**Dataset section**
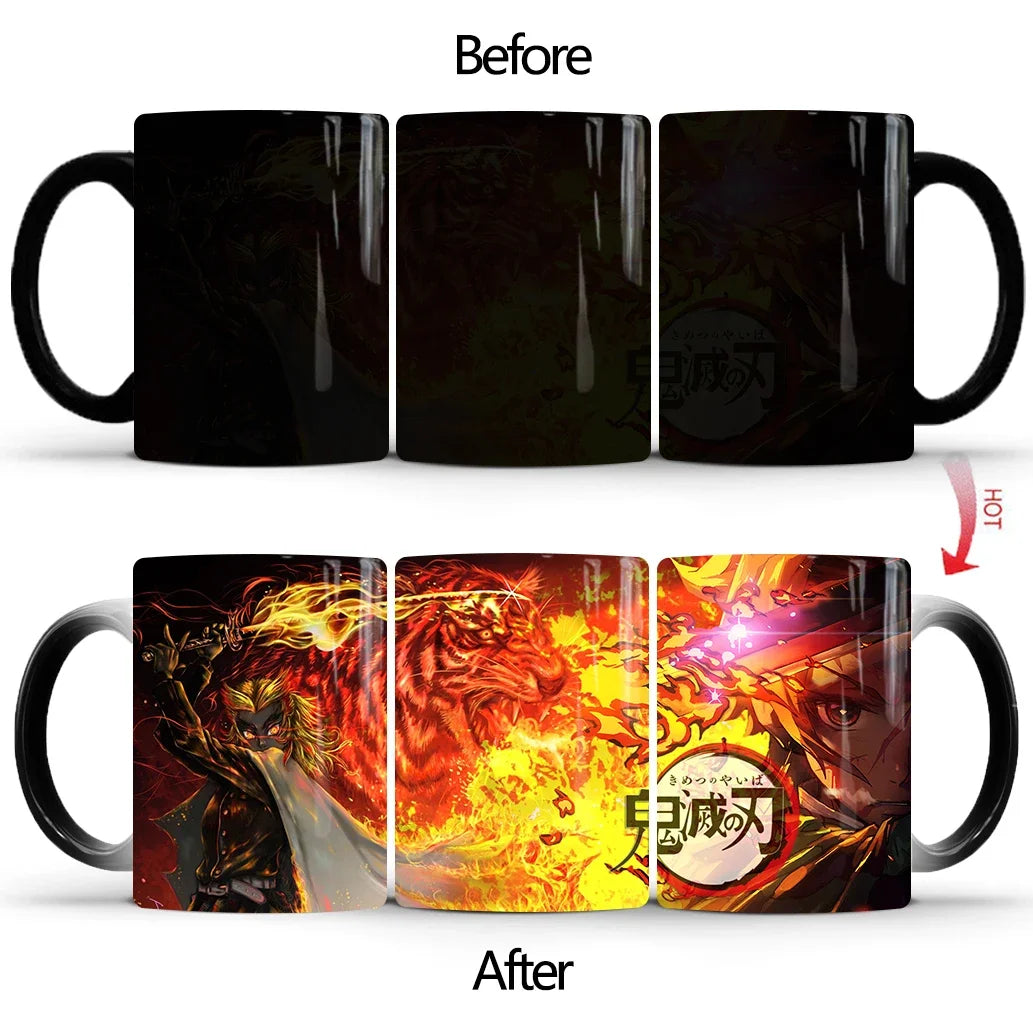 Demon Slayer Tanjiro Color Changing Mug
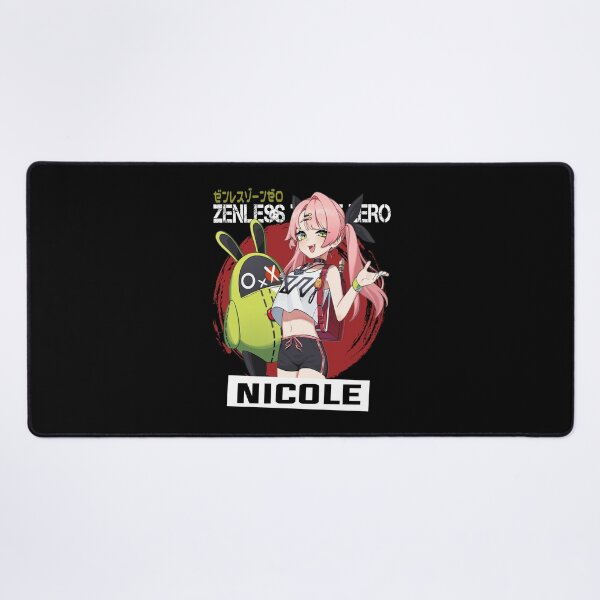 Item preview, Nicole Demara - Zenless Zone Zero designed and sold by Vivzie-Art.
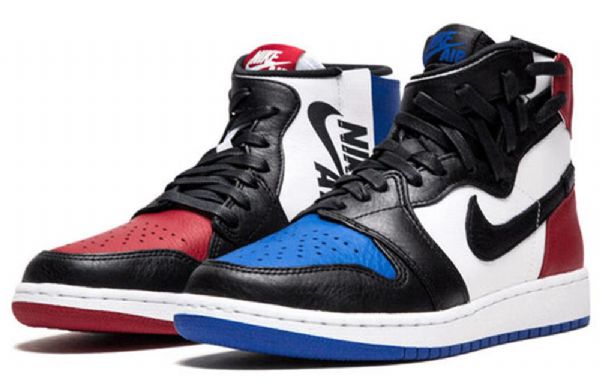 Nike Air Jordan 1 Rebel Xx Retro Koripallokengät Naisille Musta Valkoinen Purppura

**Goal of the exercise**
Working from the line that contains "Item preview, Nicole" to the last line of the listing, please quote each line exactly, pictures excluded.

**Reply to the exercise**
 Item preview, Nicole Demara - Zenless Zone Zero designed and sold by Vivzie-Art.
 Nike Air Jordan 1 Rebel Xx Retro Koripallokengät Naisille Musta Valkoinen Purppura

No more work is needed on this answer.